Une écrivaine émancipée

Une femme a besoin d’un lieu propre pour accomplir un travail d’artiste. Un lieu à soi et de l’indépendance financière, indispensables pour qu’elle puisse devenir une romancière et battre en brèche l’inégalité sociale à laquelle elle est soumise du fait de son genre. Nous sommes à l’époque victorienne, Woolf, grâce à son essai « Une pièce à soi » (1929) vient de se tailler la place de plus grande romancière du 20e  siècle et celle de l’icône de la parité des sexes. Mais son féminisme n’a rien de dogmatique, elle propose l’audace, le risque, la possibilité de choisir n’importe quelle modalité d’existence tout en offrant le dialogue avec autrui.

Une femme qui traverse les époques

En cette toute première moitié du 20e siècle, des artistes  (Mary Mc Carty), économistes (John Maynard Keynes), peintres (Vanessa Bell sœur de Virginia) critiques (Leonard Woolf que Virginia épousera en 1912) refont le monde, se lient d’amitié et ne se quittent plus. Brillants intellectuels, affranchis, non conformistes, ils s’opposent au capitalisme, à l’impérialisme et évidemment à la guerre. Au sein de ce groupe, baptisé Bloomsbury Club, Virginia et sa sœur Vanessa sont les reines et lancent des défis aux deux sexes. Il y règne la fluidité des genres et durant cette époque victorienne une liberté totale et décomplexée.

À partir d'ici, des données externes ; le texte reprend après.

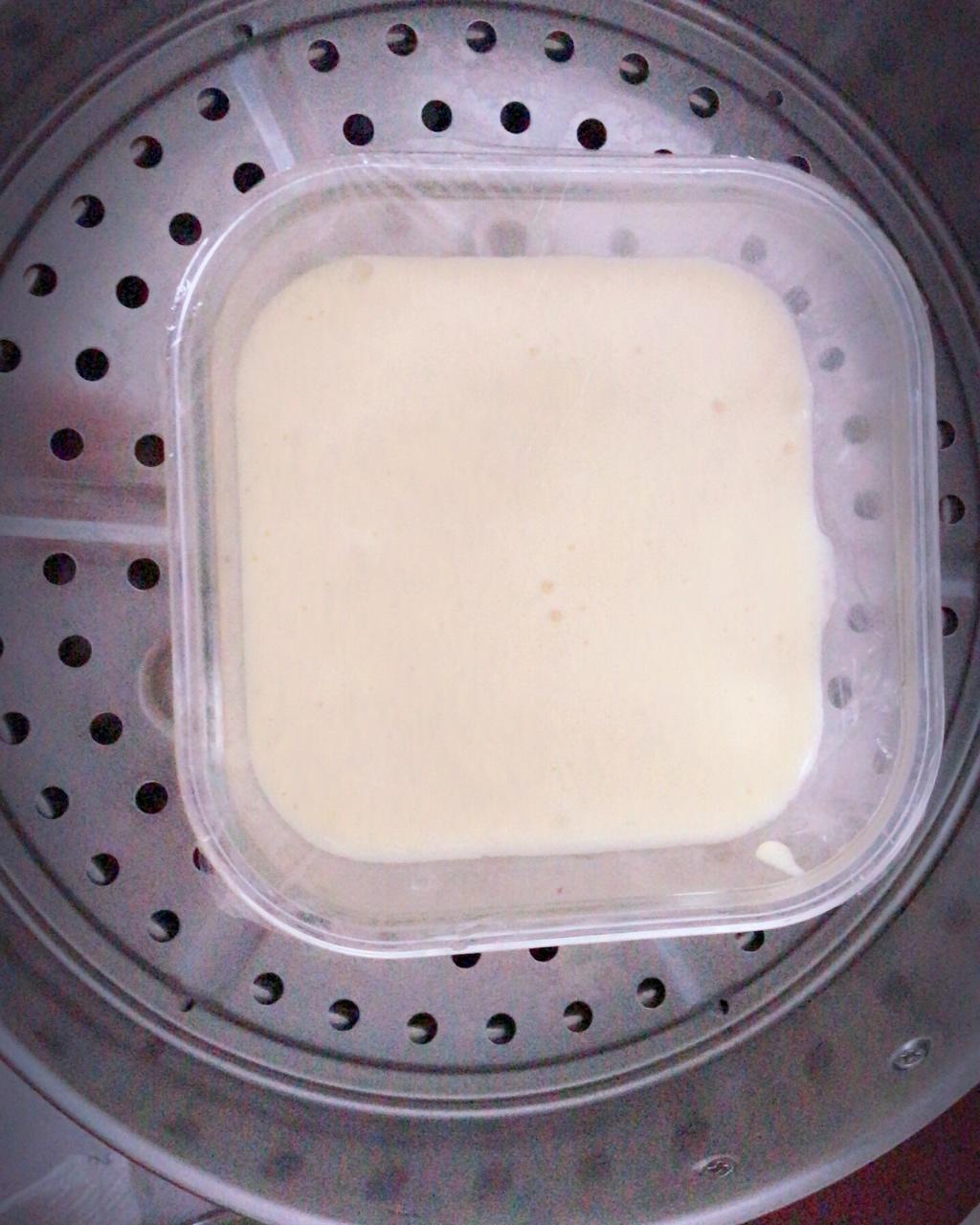 宝宝辅食蒸蛋糕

Sa maison d’édition, un modèle libérateur

En 1917, les Woolf fondent la maison d’édition La Hogarth Press qui publie T.S Eliot, Gertrude Stein et bien d’autres, y compris Virginia elle-même, ainsi que les traductions de Freud et des classiques de la littérature russe. Être sa propre éditrice lui permet de garder son indépendance dans ses choix d’écriture et de faire entendre la voix d’une femme. Sa relation amoureuse avec l’aristocrate Vita Sackville-West, dont est tiré le film Vita and Virginia¹, va lui inspirer le roman Orlando où le personnage masculin se transforme en femme. Il est probable que cet ouvrage transgressif n’aurait pas vu le jour s’il avait fallu l’accord d’un éditeur tiers. Elle peut aussi signer ses œuvres sous son véritable nom, alors que nombre d’écrivaines sont forcées de prendre un pseudonyme masculin pour être éditées, comme les sœurs Brontë ou Georges Sand.

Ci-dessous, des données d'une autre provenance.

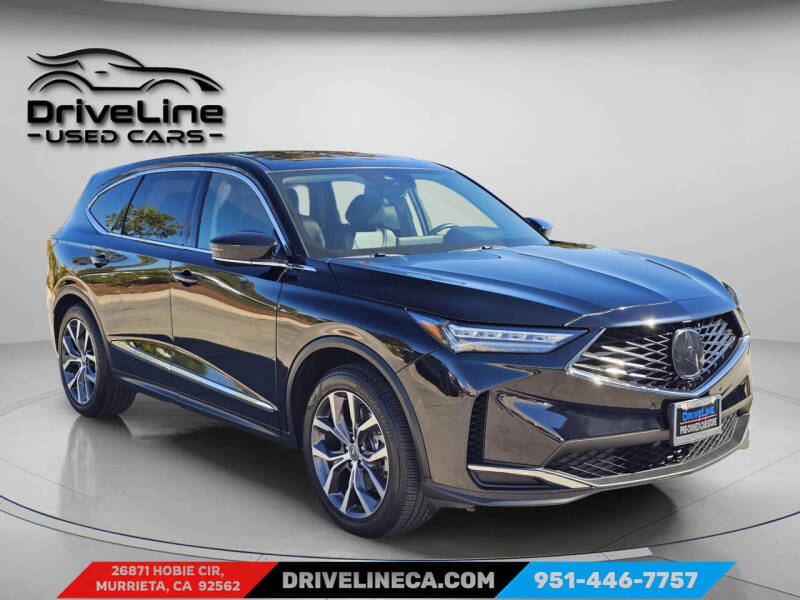 2024 Acura MDX w/Tech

L’écriture pour effacer la souffrance

Elle traduit des chocs intenses en écrivant pour leur faire perdre «  leur pouvoir de blesser »² : les viols répétés de la part de ses demi-frères³ vers 4 ou 5 ans, le décès de sa mère à 13 ans de sa demi sœur à 15 ans, de son père. Puis, les années emportent les amis chers. Durant toute cette période, Virginia connaîtra des épisodes de dépression. Le 28 mars 1941, à l’âge de 59 ans, elle choisit de se noyer. Certes, la douleur est incommensurable. Mais n’est-ce pas dévaloriser cette femme puissante, charismatique, que de la présenter comme victime de ses démons intimes ? Elle a vécu la montée du fascisme, son mari Leonard était juif, sa maison de Londres a été bombardée. Le bourdonnement des chasseurs et la cacophonie du monde la hantaient.

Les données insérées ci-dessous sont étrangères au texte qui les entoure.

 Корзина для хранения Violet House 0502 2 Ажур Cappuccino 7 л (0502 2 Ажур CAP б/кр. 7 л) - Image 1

Pourquoi ne pas voir son suicide comme un acte résolument politique à l’instar de Stephan Zweig ou Walter Benjamin, tous deux ayant fui le nazisme et s’étant donnés la mort ?

Avec la guerre, la vie littéraire s’est arrêtée. Mais quelle gloire posthume !  Austen, Brontë, Colette, Duras, Sand, Sarraute, Sévigné, Yourcenar. Virginia Woolf est le neuvième auteur de genre féminin à entrer dans la bibliothèque de La Pléiade.

Michèle Robach

¹Vita and Virginia
²V. Woolf, Instants de vie, Paris, Stock, 2006.